In 14% of patients, the reason for lack of chemotherapy was patient preferences. This infers that omission of treatment does not equal treatment ineligibility. We have no data on why some of the patients declined SAT. In other cancers, an association between lower socioeconomic position (SEP) and lack of SAT has been demonstrated, possibly due in part to less treatment information provided and less involvement in clinical decision making in this patient group [Citation25]. The association between low SEP and UC is well-established [Citation26]. Although we have no information on SEP of the present study population, it is plausible that SEP might have impacted the decision of abstaining from treatment in some patients. Further, one could speculate that chemotherapy associated toxicities or the treatment not being curative discouraged a proportion of patients from treatment. Some of these patients might had been willing to receive ICI treatment, despite only a subpopulation of patients benefitting from this treatment [Citation27,Citation28]. Future drug development of increased efficacy and with a more favorable toxicity profile might incline more patients to initiate treatment [Citation7,Citation10].

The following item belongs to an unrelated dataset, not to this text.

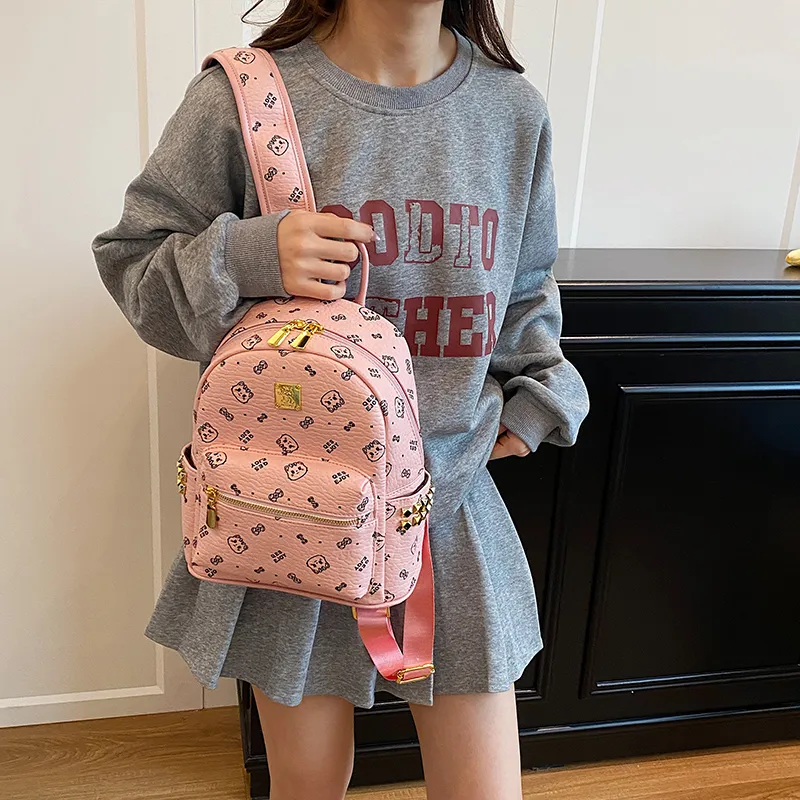 Gerlanx PU Backpack Regular Women's Pink/Brown/White/Black-6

The proportion of patients with mUC who did not receive SAT is similar to the findings in a study by Fisher et al. [Citation9], but higher than reported by Sonpavde et al. and Bamias et al. [Citation6,Citation8], and lower than demonstrated by Galsky and colleagues [Citation7]. The differences could be explained by dissimilarities in diagnostics between countries with different health care systems and health care funding (tax-financed versus insurance-based) and corresponding differences in patient characteristics. For the Galsky study, the difference in prevalence is likely explained by the higher median age of untreated patients [Citation7].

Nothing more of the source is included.